Although the system is parliamentary, real power in Serbia is held by the president, Alexander Vučić. His party, the Serbian Progressive Party (SNS), first won power in 2012; Vučić became prime minister in 2014 and transferred to the presidency in 2017, being re-elected for a second term last year. Meanwhile, his party won a huge majority in the 2020 parliamentary election due to an opposition boycott.
This was generally regarded as unsatisfactory, and after dialogue with the opposition it was agreed to hold another election in April of last year, in conjunction with the presidential election. That returned the opposition to parliament, although very much in a minority: the main opposition ticket (then called United for the Victory of Serbia) won 14.1% of the vote and 38 of the 250 seats, a long way behind SNS’s 44.3% and 120 seats.
Nonetheless, that meant SNS no longer had a majority, forcing Vučić to rely on the post-Communist Socialist Party, which placed third with 11.8% and 31 seats, as a coalition partner. Four other parties cleared the 3% threshold: two smaller opposition tickets, one right and one left, with 15 and 13 seats respectively, and two far-right groups with ten seats each. Another 13 seats went to an assortment of minority ethnic parties, which are exempt from the threshold.
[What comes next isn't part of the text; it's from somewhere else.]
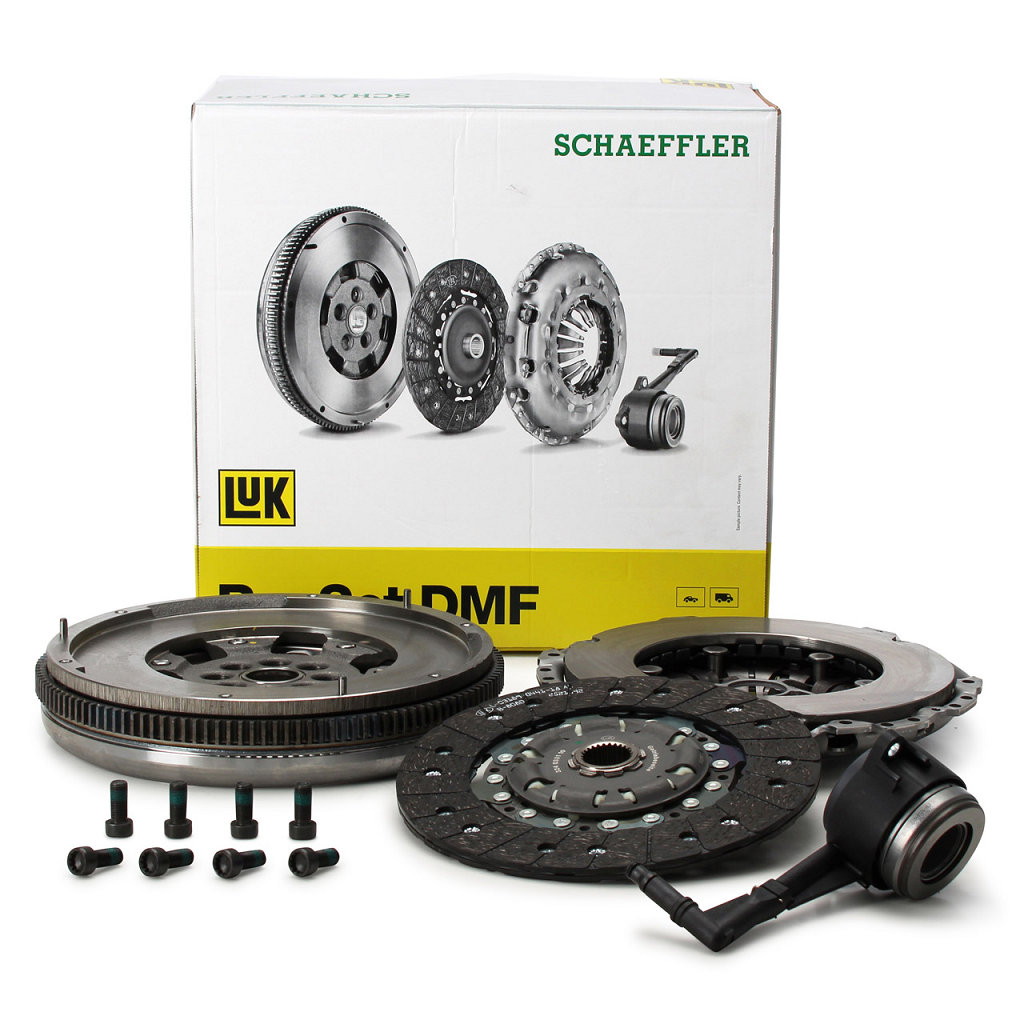 Volkswagen Transporter T5 2.5 Volan ve Debriyaj Set LUK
Discontent continued, with protests against Vučić’s growing authoritarianism, particularly after a mass shooting at a Belgrade school last May. And Vučić’s government, led by prime minister Ana Brnabić, was buffeted by geopolitical stresses from the war in Ukraine and continuing conflict over neighboring Kosovo. So Vučić decided to try to clear the air with another early election.
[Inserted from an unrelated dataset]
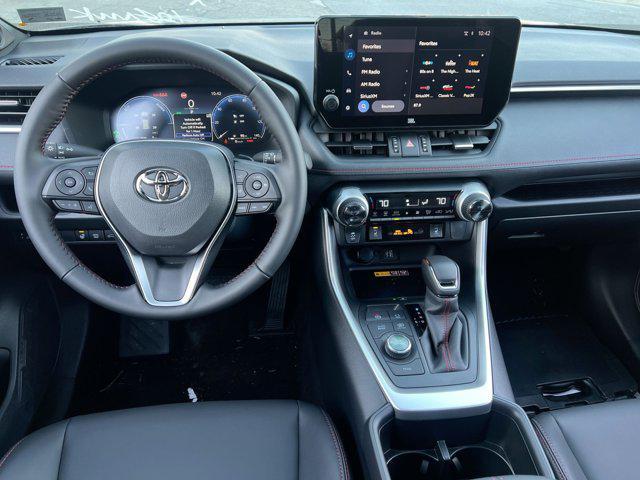 new 2025 Toyota RAV4 Hybrid car, priced at $51,469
It appears to have worked (official results are here, although getting them to load properly is tricky). The SNS ticket has 48.0% of the vote and 128 seats, thus narrowly winning back its absolute majority. The Socialists, however, seem to have suffered from being in government, dropping to just 6.7% and 18 seats. Against them was the opposition ticket Serbia Against Violence with 24.3% and 65 seats.
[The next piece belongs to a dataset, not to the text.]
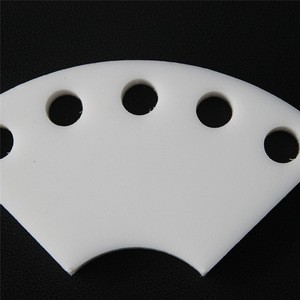 plastic Corrosion resistance of CNC machining parts processing Machined Parts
Only two other tickets cleared the threshold this time: the right-wing opposition National Democratic Alternative (5.2%) and an anti-vax ticket (4.8%), with 13 seats each. The far-right National Gathering fell just short on 2.9%, having evidently bled some votes to the anti-vaxers. Ethnic minority parties, most of them broadly pro-government, again netted 13 seats.
Vučić’s drift to authoritarianism, especially via control of the media (a major ingredient in his victories), cannot be condoned. But it’s hard not to also sympathise with his position. He is trying to steer a delicate course between the aggressive nationalism of many of his country’s voters and the need for closer relations with the European Union; on top of that, no Serbian leader can completely break with traditional ally Russia.
The EU has not helped with its lead-footed approach to expansion in the Balkans, or with its inability to rein in Kosovo, which is clearly in the wrong in the most recent dispute. In turn, its failings provide Vučić with a convenient scapegoat. And his ability to juggle the competing claims of pro- and anti-Europeans has kept him, for now, in unchallenged control.